## What this task involves
Only the pictures are to be left out; the listing itself is repeated exactly.

## Supplied information
● ● ●
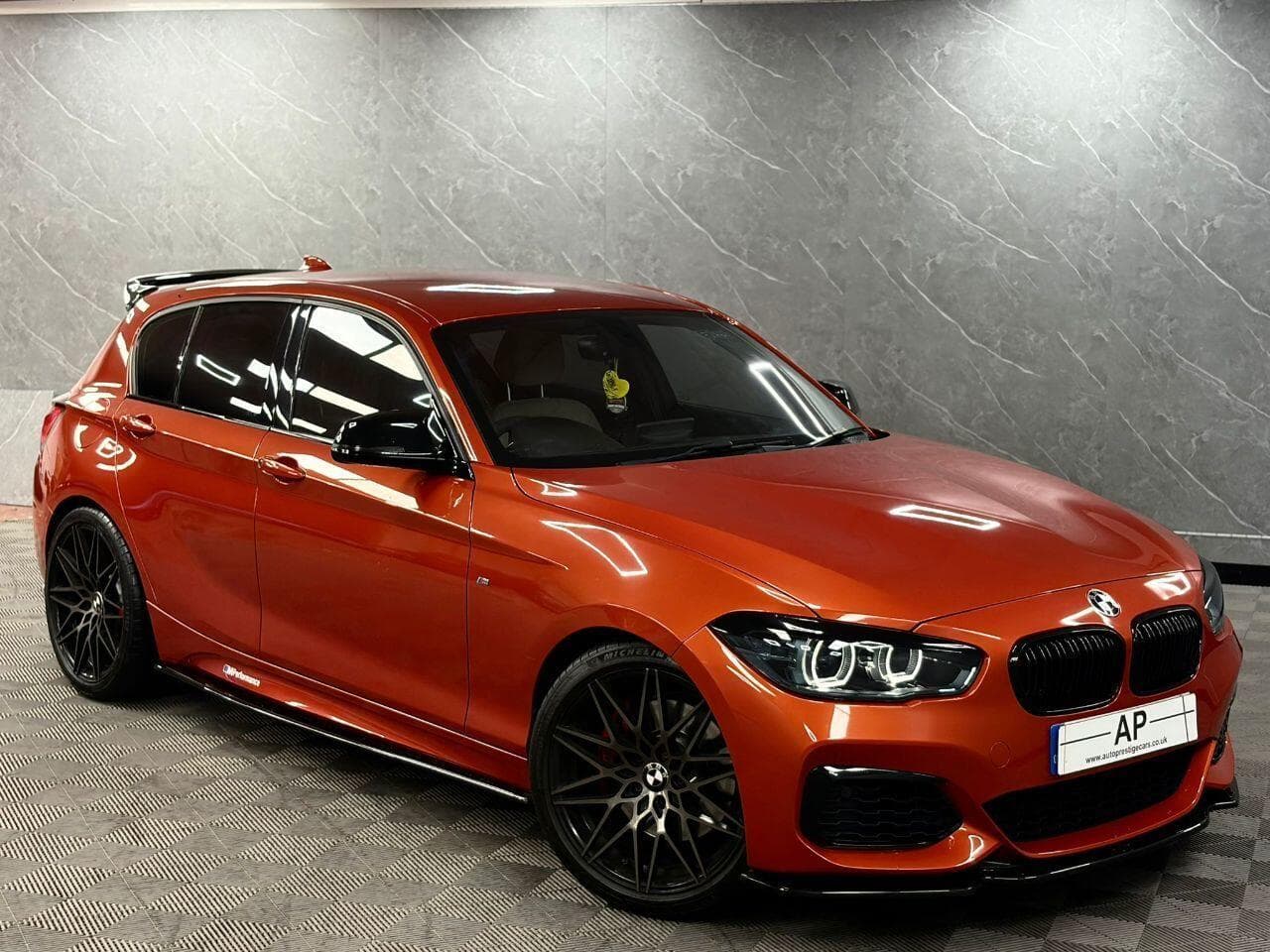 2017 BMW 1 Series - Thumbnail 9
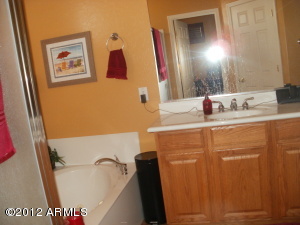 4256 E Buckboard Rd, Gilbert, AZ 85297 photo 11
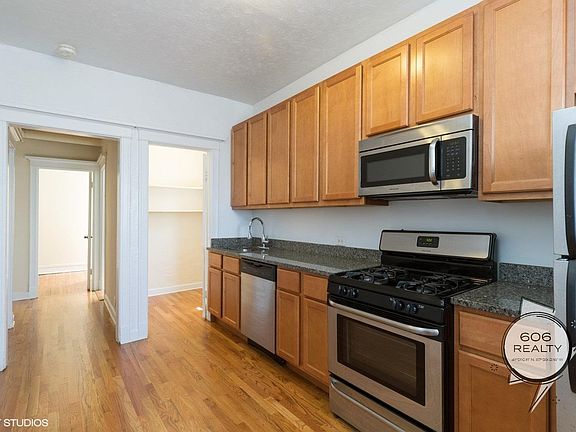3rd image of 5034 S Michigan Ave #36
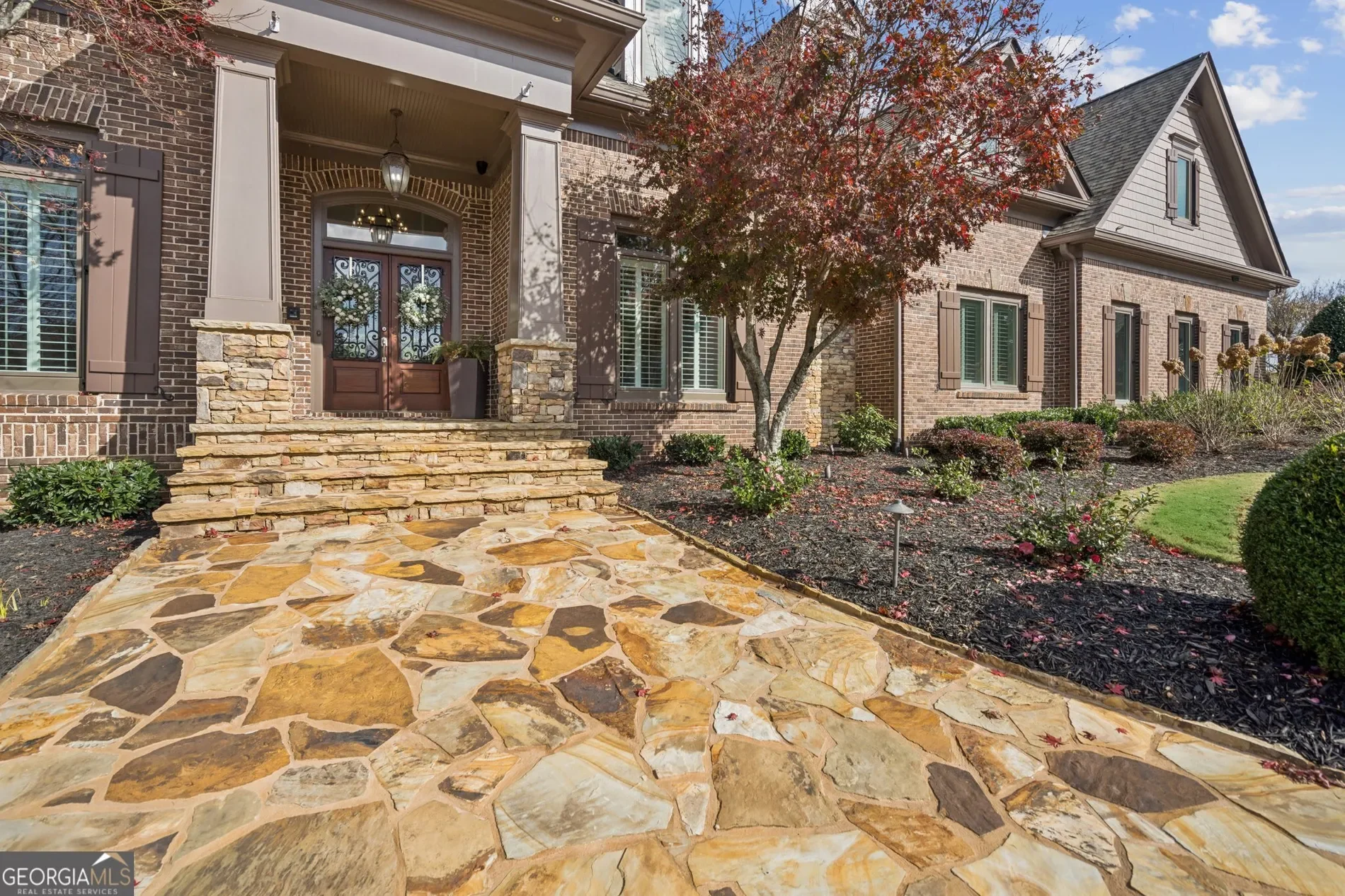 Exterior photo 9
● ● ●
## Written answer
 2017 BMW 1 Series - Thumbnail 9
 4256 E Buckboard Rd, Gilbert, AZ 85297 photo 11
3rd image of 5034 S Michigan Ave #36
 Exterior photo 9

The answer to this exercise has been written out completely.